Materials provided:
= Beginning of Section =
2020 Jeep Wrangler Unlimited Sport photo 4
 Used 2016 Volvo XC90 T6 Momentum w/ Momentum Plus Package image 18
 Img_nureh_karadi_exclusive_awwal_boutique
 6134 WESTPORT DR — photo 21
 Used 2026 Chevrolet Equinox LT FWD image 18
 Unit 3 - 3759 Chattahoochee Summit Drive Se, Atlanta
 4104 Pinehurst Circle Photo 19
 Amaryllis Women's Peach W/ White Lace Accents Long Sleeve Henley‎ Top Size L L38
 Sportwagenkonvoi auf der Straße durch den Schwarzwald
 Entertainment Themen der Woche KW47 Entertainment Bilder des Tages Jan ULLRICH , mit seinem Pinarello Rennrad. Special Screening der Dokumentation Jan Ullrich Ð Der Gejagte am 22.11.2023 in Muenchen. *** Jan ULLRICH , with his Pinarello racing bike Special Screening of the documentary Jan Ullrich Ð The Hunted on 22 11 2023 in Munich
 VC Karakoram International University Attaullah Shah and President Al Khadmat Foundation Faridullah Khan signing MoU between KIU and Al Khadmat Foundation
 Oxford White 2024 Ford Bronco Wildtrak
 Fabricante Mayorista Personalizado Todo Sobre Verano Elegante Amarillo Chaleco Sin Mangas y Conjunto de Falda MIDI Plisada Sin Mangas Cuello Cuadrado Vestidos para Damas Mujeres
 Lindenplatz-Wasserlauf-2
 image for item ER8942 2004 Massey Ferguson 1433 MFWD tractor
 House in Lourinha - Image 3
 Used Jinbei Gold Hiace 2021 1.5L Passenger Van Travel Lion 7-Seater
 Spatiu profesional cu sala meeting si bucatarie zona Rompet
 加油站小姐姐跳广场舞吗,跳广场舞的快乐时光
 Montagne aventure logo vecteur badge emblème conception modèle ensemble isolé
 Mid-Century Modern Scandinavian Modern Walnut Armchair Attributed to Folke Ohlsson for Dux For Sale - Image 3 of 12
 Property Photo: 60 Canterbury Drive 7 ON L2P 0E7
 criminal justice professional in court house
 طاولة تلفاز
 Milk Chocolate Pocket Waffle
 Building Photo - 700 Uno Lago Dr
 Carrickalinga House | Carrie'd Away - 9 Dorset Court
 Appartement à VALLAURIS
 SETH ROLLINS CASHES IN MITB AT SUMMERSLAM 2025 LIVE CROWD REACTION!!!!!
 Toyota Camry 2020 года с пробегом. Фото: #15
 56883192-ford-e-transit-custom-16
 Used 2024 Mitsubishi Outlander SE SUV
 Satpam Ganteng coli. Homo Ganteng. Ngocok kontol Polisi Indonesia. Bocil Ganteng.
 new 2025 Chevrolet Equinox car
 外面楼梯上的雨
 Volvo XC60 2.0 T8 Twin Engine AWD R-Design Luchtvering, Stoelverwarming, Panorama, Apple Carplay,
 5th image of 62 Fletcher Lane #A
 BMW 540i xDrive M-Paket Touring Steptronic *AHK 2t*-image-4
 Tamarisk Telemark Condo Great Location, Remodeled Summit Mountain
= End of Section =
Prompt: Show the lines where the word "Summit" appears in the entries.

Exercise answer:
 Unit 3 - 3759 Chattahoochee Summit Drive Se, Atlanta
 Tamarisk Telemark Condo Great Location, Remodeled Summit Mountain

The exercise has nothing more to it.